Based loosely on a true incident in 1917, two young British soldiers on the Western Front, are given orders to hastily complete a mission and convey an urgent message by foot. Communication lines are down and one of their battalion is claiming an easy victory, but due to intelligence picking up on a German ruse, they are about to see hundreds of their men become lambs to a slaughter. Lance Corporal’s Blake and Schofield need to cross perilous war-torn terrain before it is too late to deliver the order of retreat. This amounts to the fundamental story, yet, what we end up witnessing is a journey of deep emotional impact.
1917 unfolds over a period of real time and gives the technical impression of being shot in one take with no identifiable edits, all bar one lapse in time which is integral to the narrative. The camera tracks and pans these two young men with complete focus on where they are going, what they must achieve and reveals aspects of their lives through conversation as they first wander through the surreal landscape of No Man’s Land and out into the ravaged French countryside. Tension in the film is mounted as their guard must not be dropped at any cost, as these young soldiers are sitting ducks to the jeopardies of combat hostilities. If they perish, the message they hold perishes along with thousands of more lives.

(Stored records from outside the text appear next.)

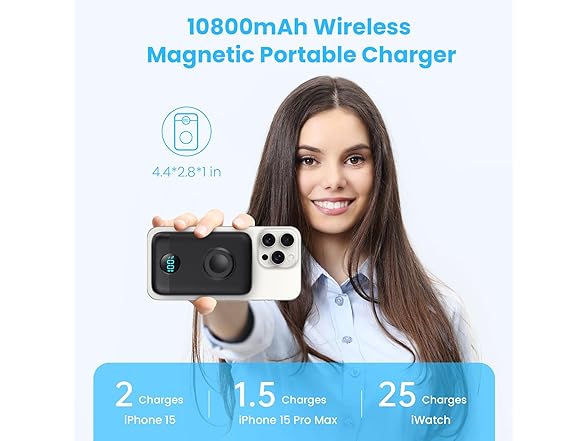 Magsafe 4-in-1 Power Bank - 10800mAh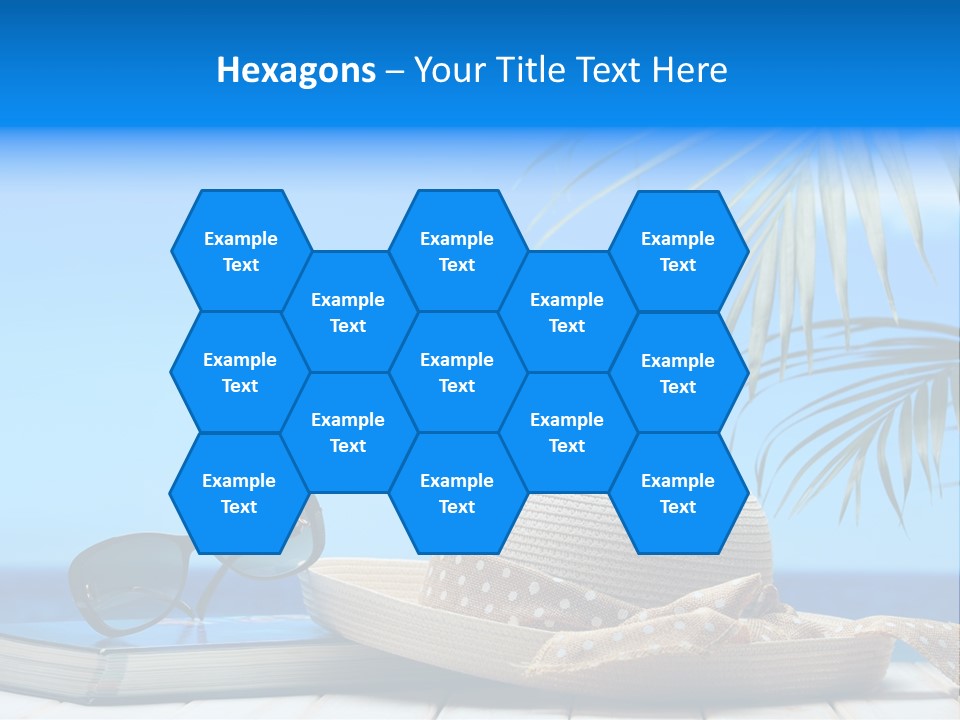 Sand Palm Background PowerPoint Template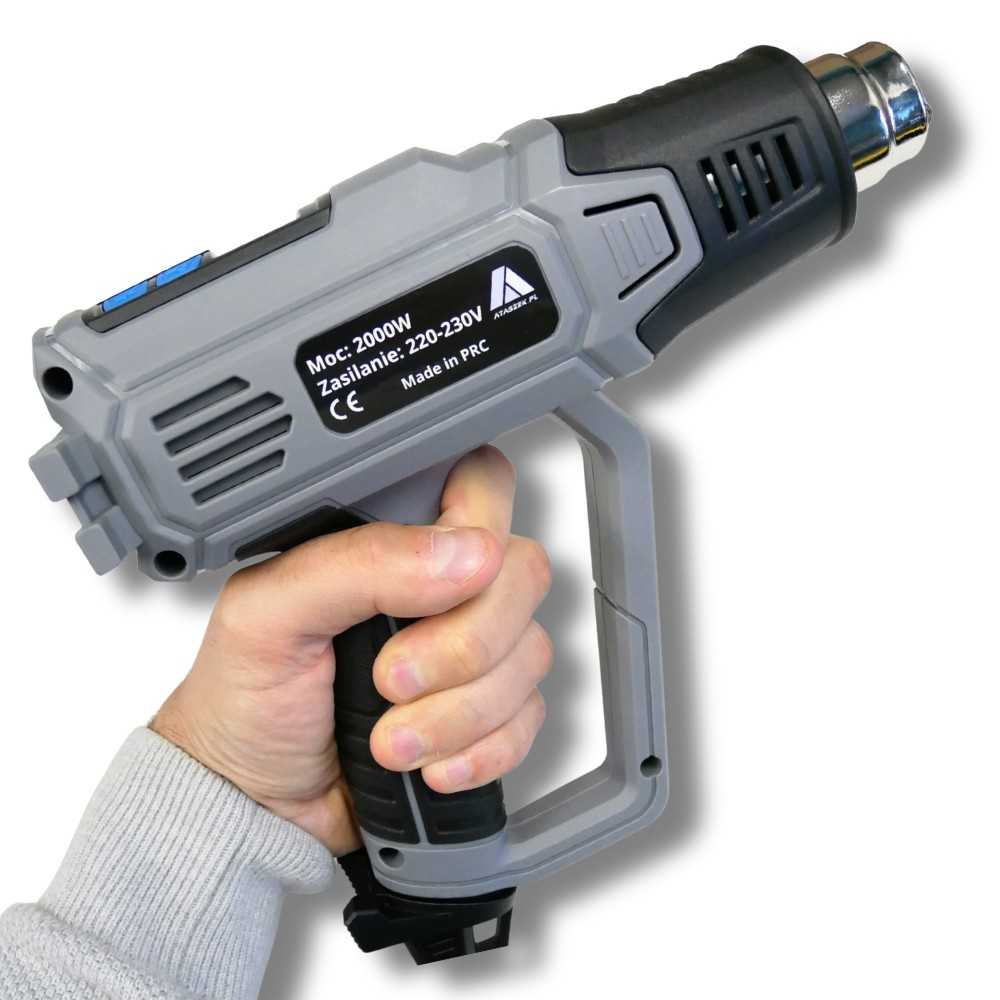 Opalarka ręczna - nagrzewnica pistoletowa z regulacją AT-4000 | Ataszek.pl Opalarka ręczna - nagrzewnica pistoletowa z regulacją AT-4000 | Ataszek.pl
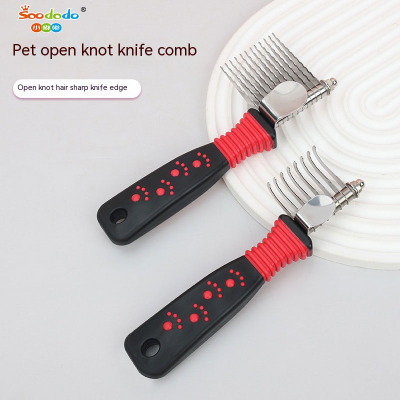 Soododo XDL-91904/91941 Metal knotting comb Black and red knotting comb dog cleaning tool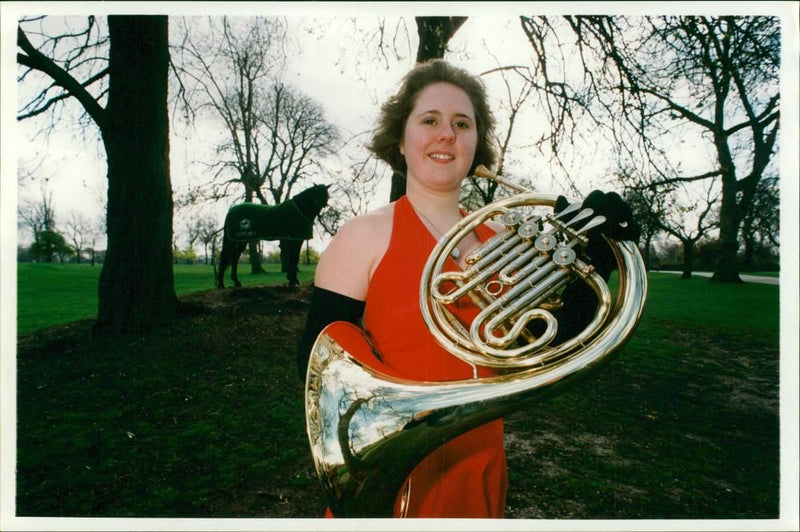Young musician - Vintage Photograph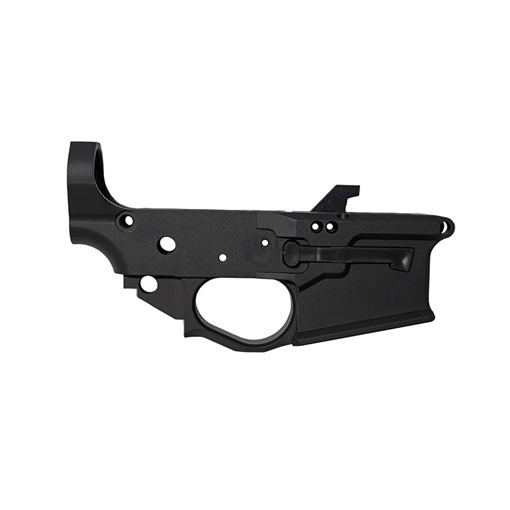 Picture of Combat Armory Billet AR-9 Lower Receiver Stripped with Mag Release and Ejector Black STP.CA9.Lower.BLK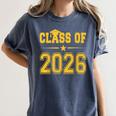 Class Of 2026 Shirt Graduation Women's Comfort Colors T-Shirt Denim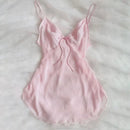 Y2K Bow Chic Sweet Clothing Cute Halter Tops Women Sleeveless Casual Singlet Vintage Tide Daily Slim Classic Aesthetic Camisole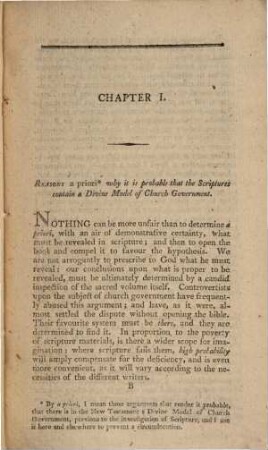 Reasons for separating from the general synod of Ulster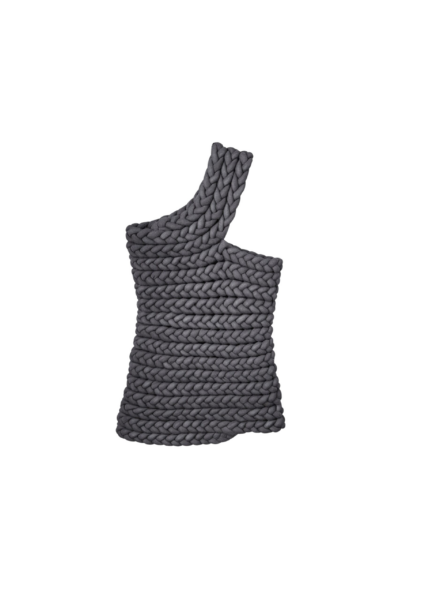 The Frankie Shop Bevza Tisto Top - Dark Grey - Oversized Minimalist Tops in Grey - Shop at Luxury Shoes 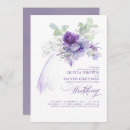 Search for lavender and silver wedding invitations Couple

English director Sam Mendes burst onto the scene in the late 90’s with his best picture Oscar winning film American Beauty – 99’. An extremely versatile director, he has directed two recent 007 entries, a first-rate stylist who fully understands the visual language of cinema and who is great with eliciting the best that he can from his actors. Mendes has cast two young unknowns in the leads, peppered his film with familiar faces for essential cameos as high-ranking military officials, and manages to wring as much truth and raw emotion that he can out of the predicament presented before the characters and viewer. With the expertise assistance of his regular cinematographer, the incomparable Roger Deakins, and a provocative score by Thomas Newman, Mendes has delivered an outstanding, compelling and searing drama that is not easy to shake off.